The U.S. Air Force’s RC-135W Rivet Joint spy plane conducted a surveillance flight over South Korea to monitor North Korea’s activities following its claim of testing an underwater nuclear attack drone.
North Korea had recently asserted that it successfully tested an underwater nuclear attack drone, known as the Haeil-5-23, in the East Sea. This test was in response to joint naval drills conducted by South Korea, the United States, and Japan.
The RC-135V/W Rivet Joint aircraft, utilized by both the U.S. Air Force and the Royal Air Force, serves as a highly capable signals intelligence (SIGINT) platform. Equipped with a range of onboard sensors, it specializes in collecting communication emissions and gathering information about air defense radars and other signal emitters, as well as pinpointing their locations.

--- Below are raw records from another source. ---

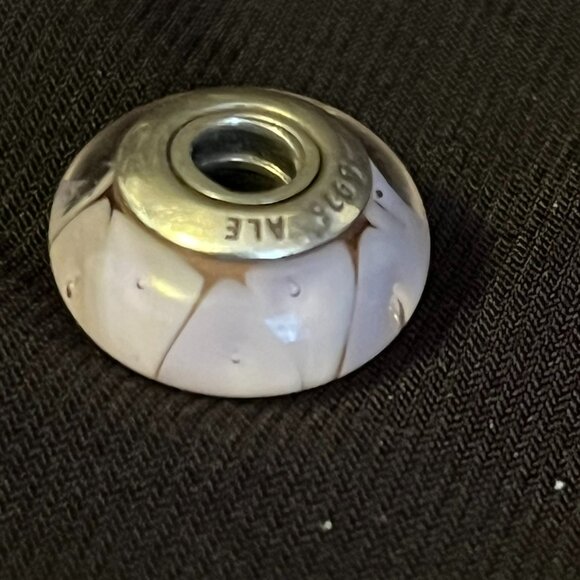 Pandora Murano Pink Looking Glass Charm – Sterling Silver Core – Retired - Picture 4 of 6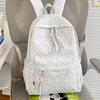 Schoolbag New Schoolbag Female Student Korean Version Ins Large Capacity Polka Dot Lightweight Junior High School Student Versatile Backpack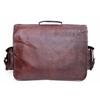 Leather Bag Goat Vintage Brown Genuine Laptop New Messenger Men's Men Travel New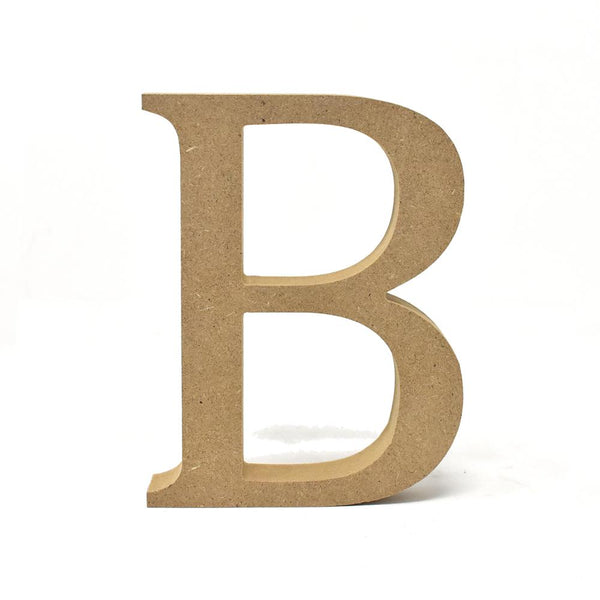 Smooth Pressed Board Wood Serif Letter, Natural, 5-1/8-Inch, B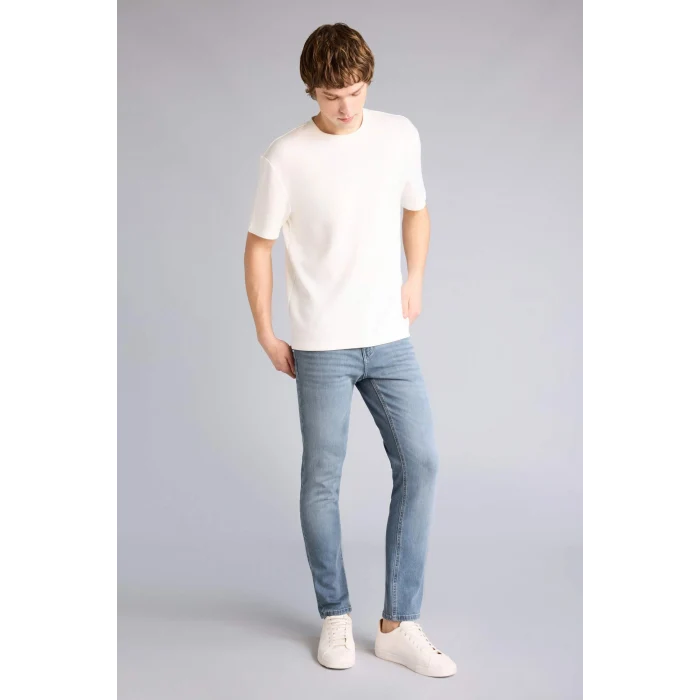 Defacto F2926AXNM84 İndigo Pedro Slım Fıt Dar Paça Jean Pantolon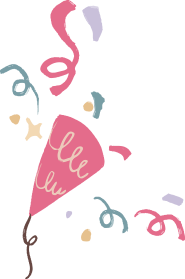 party streamers balloon celebration festival birthday happy birthday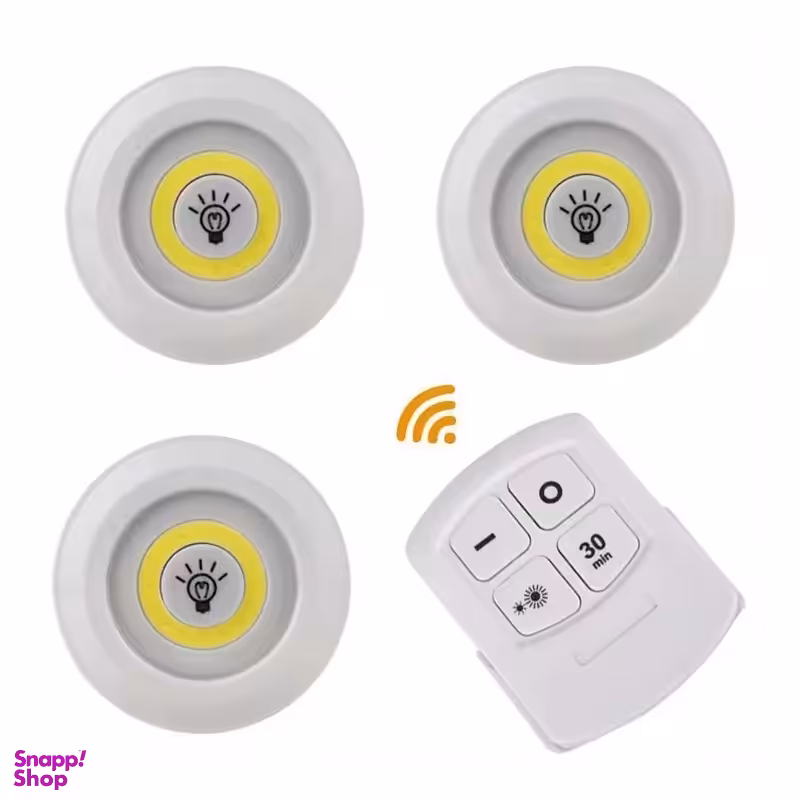 چراغ کابینتی مدل ونوس همراه با ریموت مجموعه ۴ عددی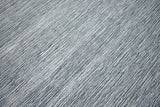 Solid Blue and Silver Wool And Viscose 5x8 Area Rug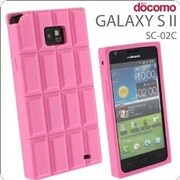 ストロベリー チョコレートケース GALAXY SII SC-02C用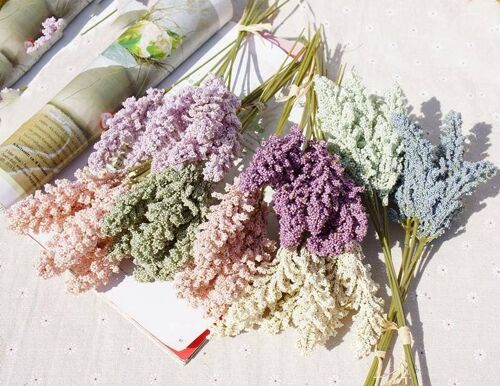 Real Touch Artificial Vanilla Spike Flower 6 PCs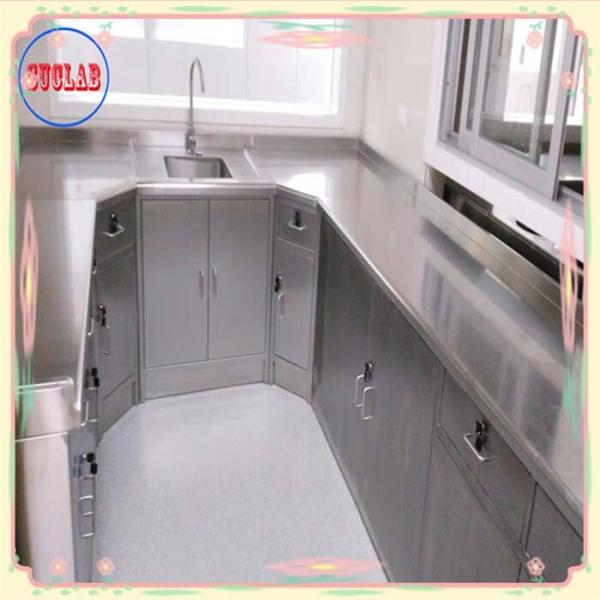 Professional of Lab Furniture with Stainless Steel Cabinet and As Drawing Legs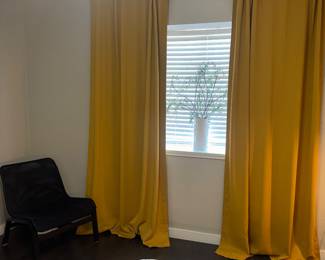 Mustard Gold Blackout Curtain Panels – Pair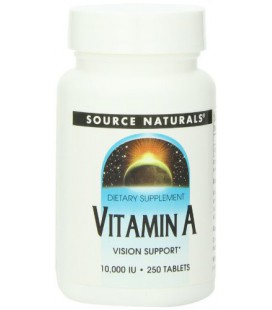 Source Naturals Vitamin A Palmitate 10,000IU, 250 Tablets
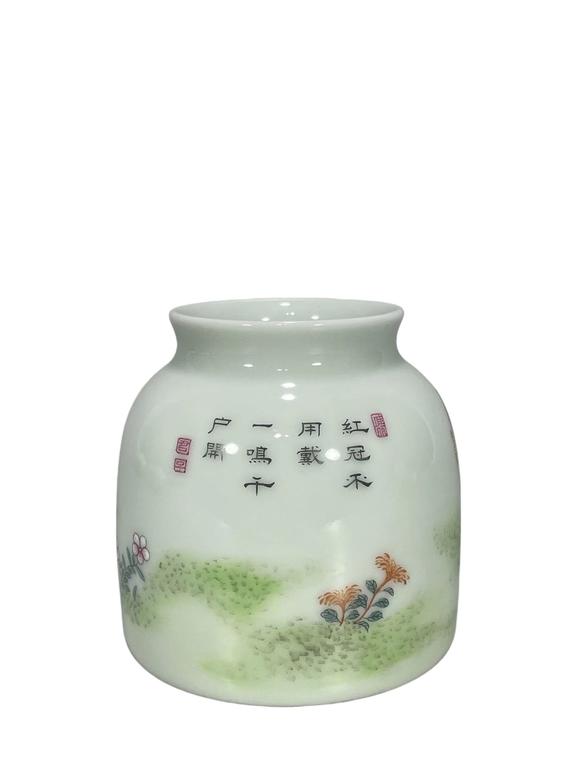 東京蕓術(shù)乾隆 粉彩公雞圖水洗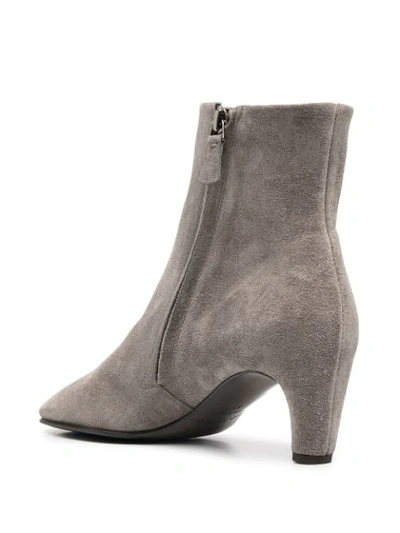 Shop Del Carlo Zipped Ankle Boots In Grey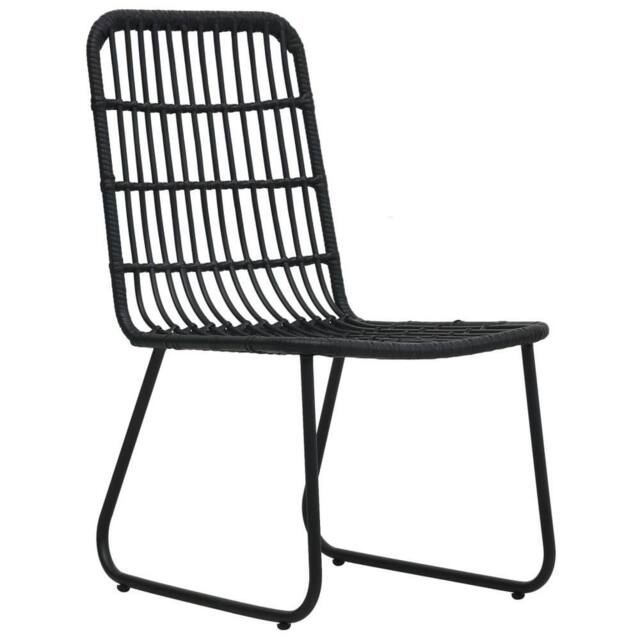 Berkfield Home Garden Chairs 2 pcs Poly Rattan Black - image 1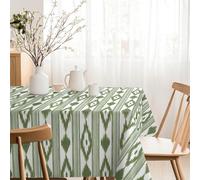 Martina Home Tovaglia resinata Islas, 220 x 140 cm, colore: verde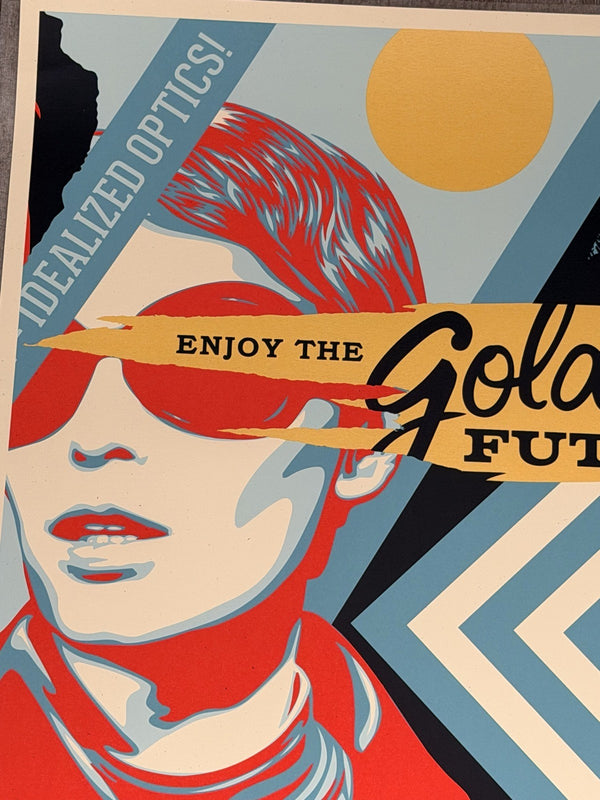Shepard Fairey Golden Future Signed Numbered Screen Print 2017 Obey 359/450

The Rivet Joint conducted its flight, covering various regions including Incheon, Gangwon Province, and both the eastern and western coasts.
While the deployment of this advanced spy aircraft is part of routine intelligence-gathering operations, the extensive flight routes it took during this mission may convey a message of pressure toward North Korea, according to undisclosed sources.
This recent surveillance flight marks the third known flight this year, with the previous two having been observed solely in inland airspace on January 4th and 17th. The heightened monitoring by South Korea and the U.S. reflects their determination to detect any potential signs of provocations by North Korea. North Korean leader Kim Jong-un has called for increased war readiness in response to perceived “unprecedented” acts of U.S.-led confrontations.